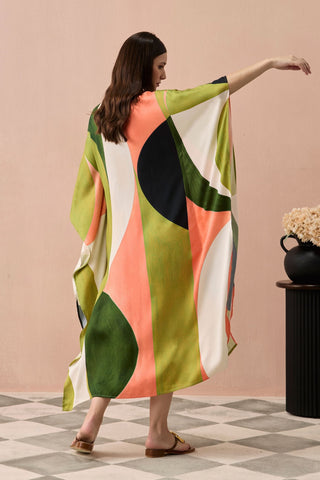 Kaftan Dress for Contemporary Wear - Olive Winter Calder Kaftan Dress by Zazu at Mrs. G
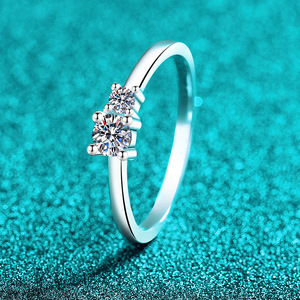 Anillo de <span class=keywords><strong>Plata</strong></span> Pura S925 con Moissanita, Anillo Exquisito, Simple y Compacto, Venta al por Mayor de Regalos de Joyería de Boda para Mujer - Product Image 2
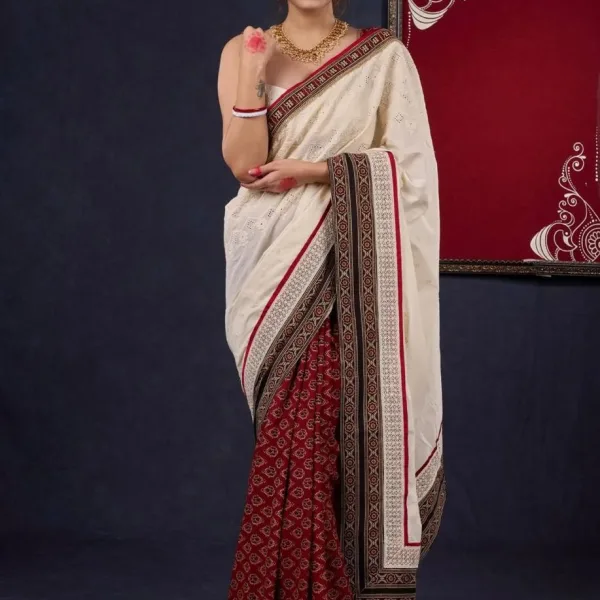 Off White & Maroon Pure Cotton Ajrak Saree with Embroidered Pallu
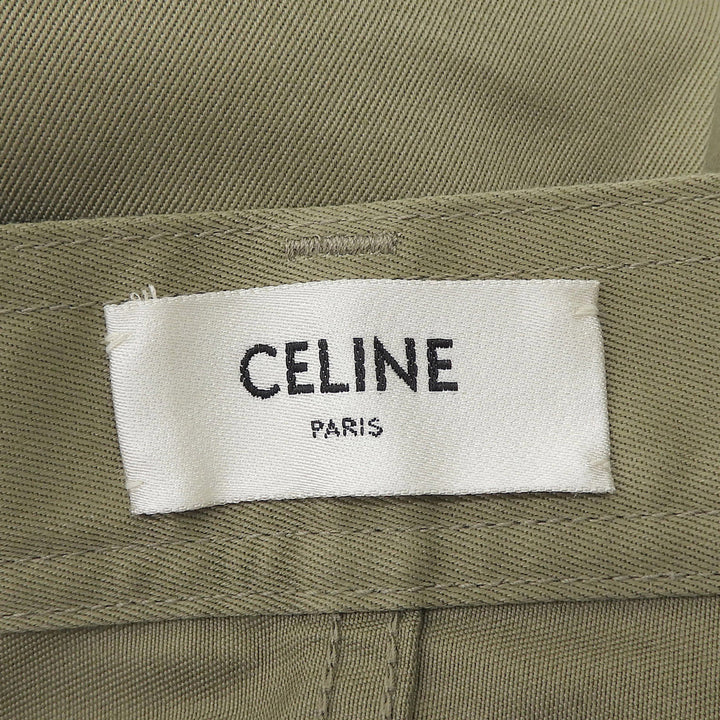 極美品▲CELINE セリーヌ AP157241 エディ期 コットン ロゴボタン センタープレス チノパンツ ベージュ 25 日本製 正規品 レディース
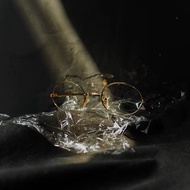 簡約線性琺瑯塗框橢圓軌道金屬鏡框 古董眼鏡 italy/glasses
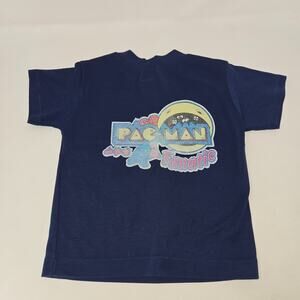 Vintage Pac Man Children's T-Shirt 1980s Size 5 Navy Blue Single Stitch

☆ ☆ ☆

*Try it*:
Restate word for word the lines from the one with "簡約線性琺瑯塗框橢圓軌道金屬鏡框 古董眼鏡 italy/glasses" to the end of the material, both included. Do not include the pictures.

*Finished task*:
 簡約線性琺瑯塗框橢圓軌道金屬鏡框 古董眼鏡 italy/glasses
 Vintage Pac Man Children's T-Shirt 1980s Size 5 Navy Blue Single Stitch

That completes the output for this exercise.